▶ **Exercise brief**: Given these entries, repeat exactly the lines starting with the one that has "Firetti Mindestbestellwert versandkostenfrei" and going on through the one that has "ZARYAN Brand Sky", both included, but none of the pictures.

#### Data extracts ####

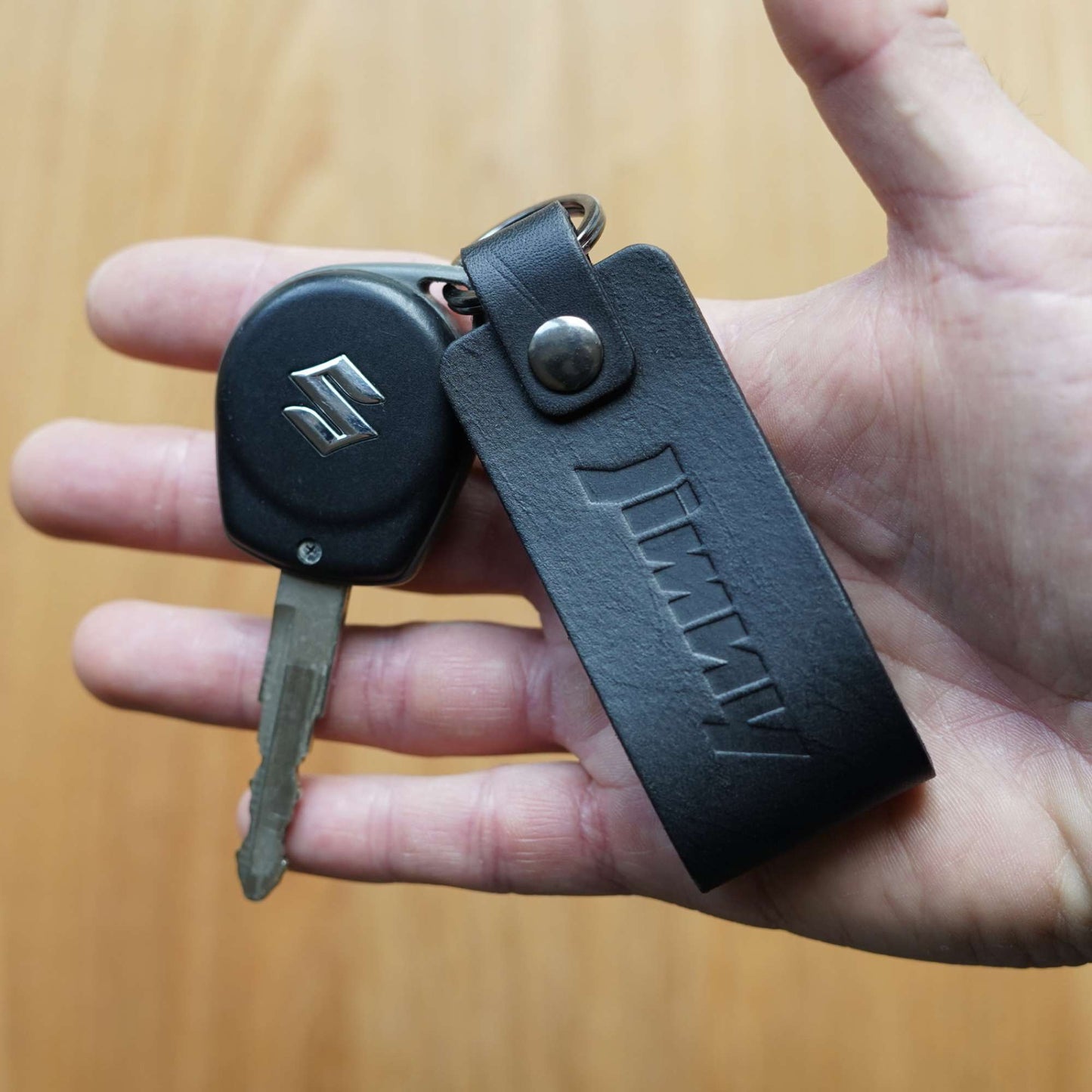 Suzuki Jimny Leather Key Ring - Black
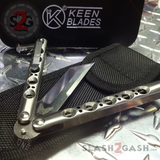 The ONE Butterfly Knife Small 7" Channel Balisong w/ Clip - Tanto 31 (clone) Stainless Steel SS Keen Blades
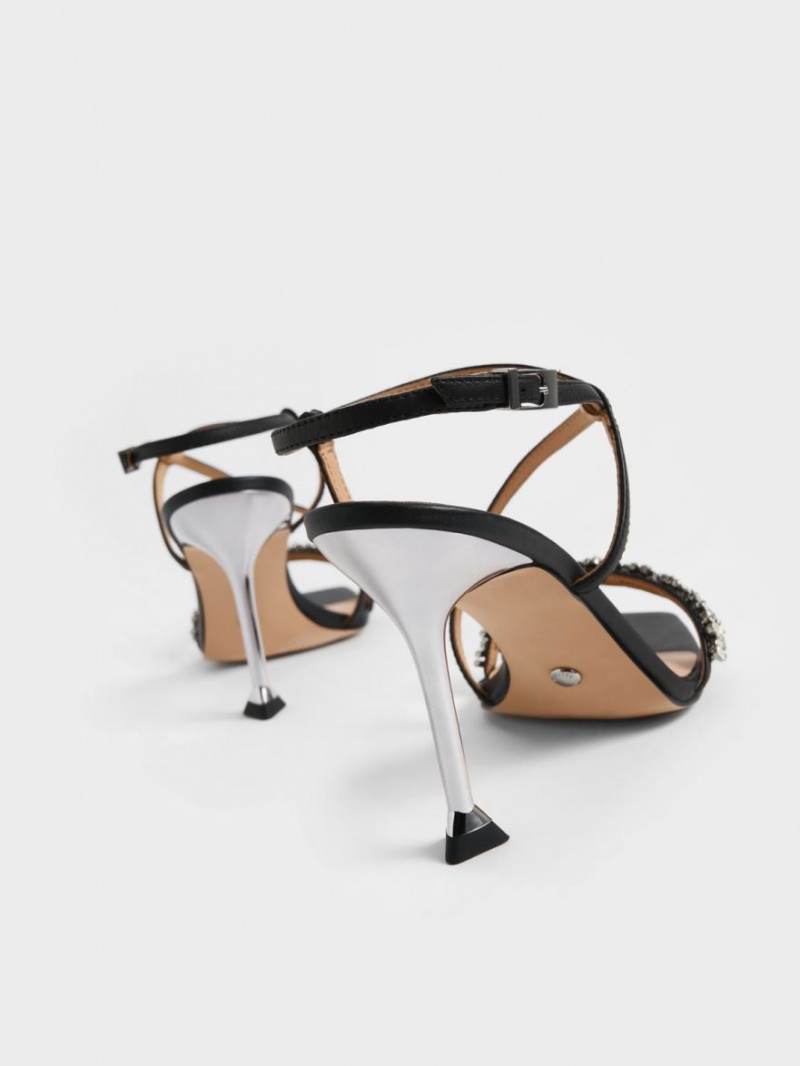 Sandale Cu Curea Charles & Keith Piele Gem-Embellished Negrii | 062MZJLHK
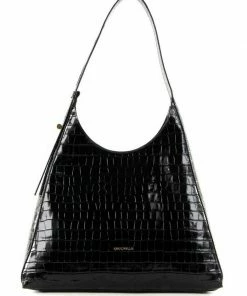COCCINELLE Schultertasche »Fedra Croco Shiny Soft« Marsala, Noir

####
#### Data extracts ####

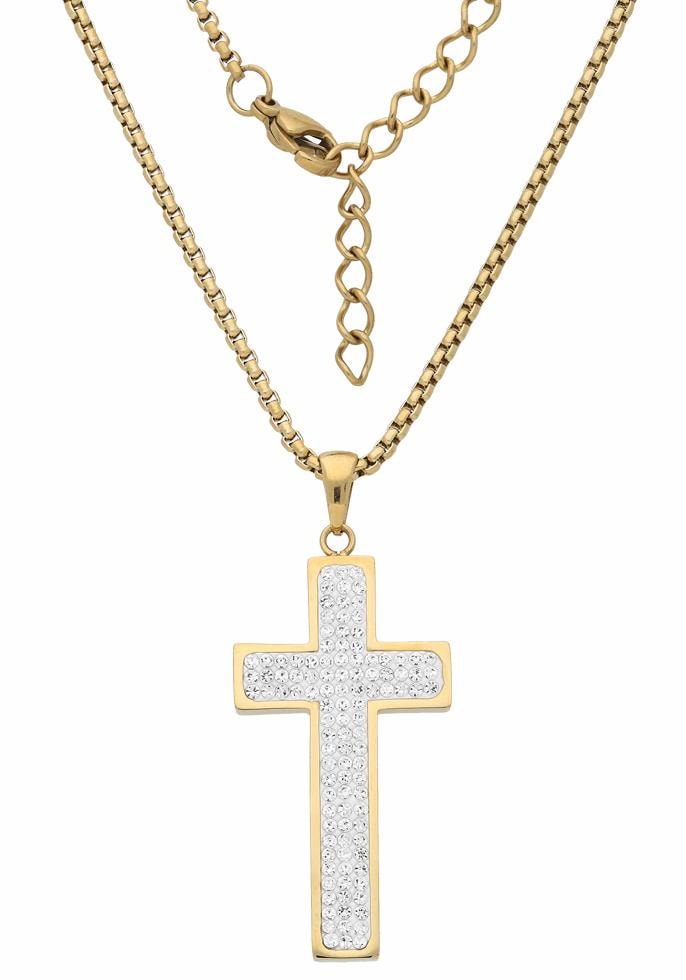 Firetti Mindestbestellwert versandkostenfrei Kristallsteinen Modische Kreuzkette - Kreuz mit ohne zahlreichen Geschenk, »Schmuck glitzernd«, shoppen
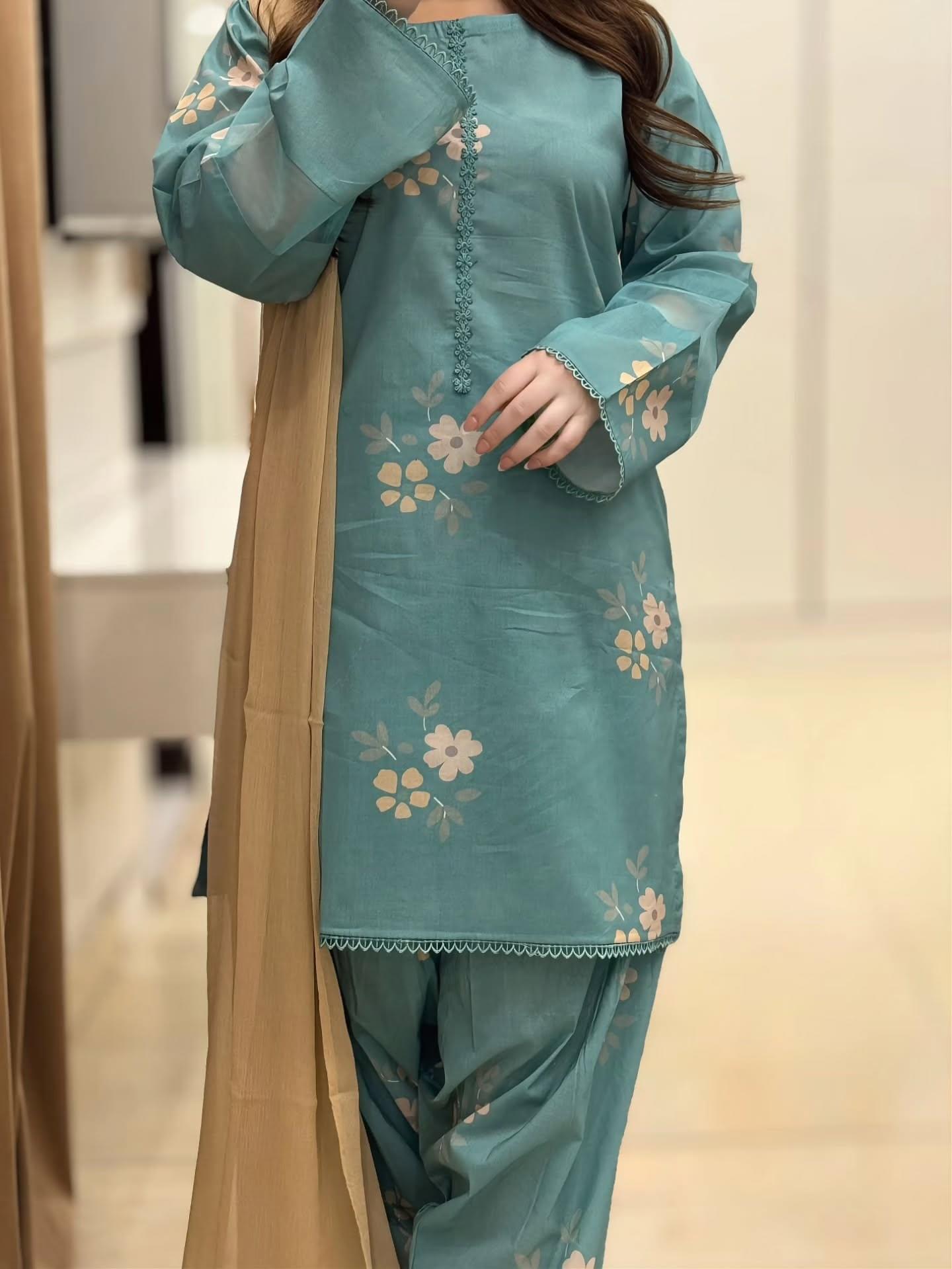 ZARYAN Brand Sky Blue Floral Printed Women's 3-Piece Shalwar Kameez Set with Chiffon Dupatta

####

▶ **Solution for this exercise**:
 Firetti Mindestbestellwert versandkostenfrei Kristallsteinen Modische Kreuzkette - Kreuz mit ohne zahlreichen Geschenk, »Schmuck glitzernd«, shoppen
 ZARYAN Brand Sky Blue Floral Printed Women's 3-Piece Shalwar Kameez Set with Chiffon Dupatta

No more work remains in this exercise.